Hastert Got What He Deserved
In a recent blog article by Matt Kaiser, the author argues that former Speaker of the House Dennis Hastert was wrongly sentenced at his recent hearing for hiding financial payouts as hush money ($3 Million in fact!). When he was a wrestling coach and a high school teacher before he was a member of Congress, and then Speaker of the House, he touched kids he coached. They asked for money from him to keep quiet and he paid it. In the course of paying it, he structured the payments to avoid federal bank reporting laws. Mr. Kaiser thinks the sentencing Judge asked and allowed evidence that was beyond what was appropriate at a sentencing hearing. The author is correct – justice was not served – Hastert got off way too easy and deserved to spend the rest of his life in prison.
Of course, there is a much broader backstory here. As Eric Boehlert wrote a year ago,
During the 1990s, Hastert remained a firm advocate of impeachment, at one point condemning the president for his “inability to abide by the law.” Hastert stressed, “The evidence in President Clinton’s case is overwhelming that he has abused and violated the public trust.”
Of course it was the impeachment imbroglio that elevated Hastert, indirectly, to his lofty position of speaker of the House; a position he later leveraged into millions by becoming a very wealthy lobbyist.

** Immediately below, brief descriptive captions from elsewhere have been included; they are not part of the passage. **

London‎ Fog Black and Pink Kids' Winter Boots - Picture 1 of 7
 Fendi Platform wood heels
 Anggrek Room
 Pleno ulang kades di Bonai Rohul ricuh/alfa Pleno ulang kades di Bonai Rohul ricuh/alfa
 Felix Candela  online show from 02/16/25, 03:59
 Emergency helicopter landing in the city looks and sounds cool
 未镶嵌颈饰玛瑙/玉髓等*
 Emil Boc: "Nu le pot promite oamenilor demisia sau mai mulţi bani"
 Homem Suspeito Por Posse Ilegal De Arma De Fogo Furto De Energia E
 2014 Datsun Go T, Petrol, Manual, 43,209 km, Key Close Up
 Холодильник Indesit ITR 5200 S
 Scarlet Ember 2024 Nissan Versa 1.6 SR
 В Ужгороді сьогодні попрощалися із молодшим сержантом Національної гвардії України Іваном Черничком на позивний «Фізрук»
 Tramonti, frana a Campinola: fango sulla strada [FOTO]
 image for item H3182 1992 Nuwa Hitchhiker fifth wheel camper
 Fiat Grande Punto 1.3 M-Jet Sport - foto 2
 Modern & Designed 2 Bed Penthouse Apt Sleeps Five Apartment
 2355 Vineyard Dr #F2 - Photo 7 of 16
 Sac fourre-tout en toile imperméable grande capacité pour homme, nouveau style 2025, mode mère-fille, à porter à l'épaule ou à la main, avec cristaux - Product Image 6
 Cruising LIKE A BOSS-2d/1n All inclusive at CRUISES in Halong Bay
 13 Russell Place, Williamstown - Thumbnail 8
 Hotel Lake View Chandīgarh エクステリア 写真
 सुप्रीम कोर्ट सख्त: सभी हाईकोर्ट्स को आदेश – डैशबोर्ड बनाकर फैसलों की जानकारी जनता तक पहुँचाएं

The background: Former Republican Speaker Newt Gingrich was forced to resign in 1998 after the impeachment-obsessed GOP faced disastrous midterm losses. (Gingrich later admitted he was engaged in an affair with a Congressional aide at the time.) Up next was Rep. Bob Livingston (R-LA), chairman of the powerful Appropriations Committee. “One of the loudest of those calling for the House to impeach Clinton over an extra-marital affair,” noted the National Journal, Livingston was soon ousted after he was forced to publicly confess to committing adultery “on occasion.”
Into that void stepped Hastert.
That means all three Republican House leaders who pursued Clinton’s impeachment have now confessed or been accused of sexual and moral transgressions themselves. Those were the people the D.C press took its cues from during the impeachment charade?
At sentencing, it is normal for additional information to be presented by both sides, which may or may not normally admissible at trial (on the issue of guilt). The reasons that the money was paid in the first place, i.e., as hush money for child molestation, is certainly fair game in my opinion. Sometimes the wheels of justice do not turn predictably, but in this case the ultimate result was just.